▶ _Available data_
☆ ☆ ☆ ☆ ☆ ☆ ☆

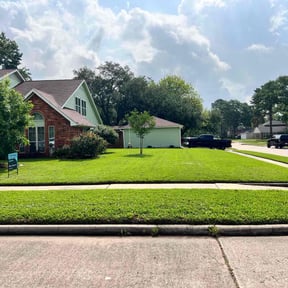 yard service by Cutters Lawn Care reviewed on September 14, 2025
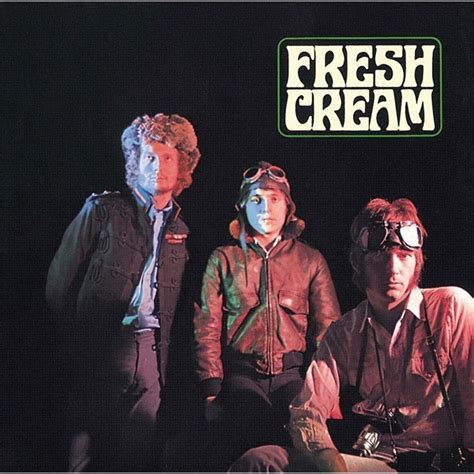 Cream Fresh Cream On 180g Lp Rock Album Covers Great Albums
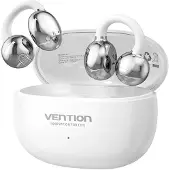 Vention ECHO CLIP A1, sans fil, pour appels/musique/sport/usage quotidien, casque, blanc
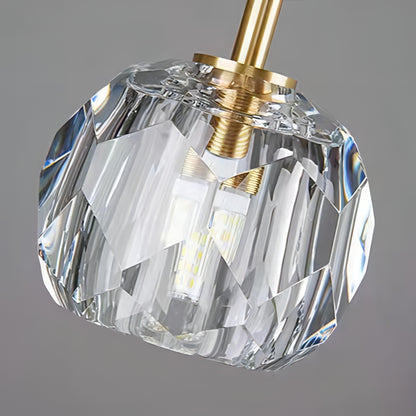 Wesson - Hanging Round Glass Ceiling Pendant Light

☆ ☆ ☆ ☆ ☆ ☆ ☆

The answer should contain all the material above, copied exactly, and no images.

 yard service by Cutters Lawn Care reviewed on September 14, 2025
 Cream Fresh Cream On 180g Lp Rock Album Covers Great Albums
 Vention ECHO CLIP A1, sans fil, pour appels/musique/sport/usage quotidien, casque, blanc
 Wesson - Hanging Round Glass Ceiling Pendant Light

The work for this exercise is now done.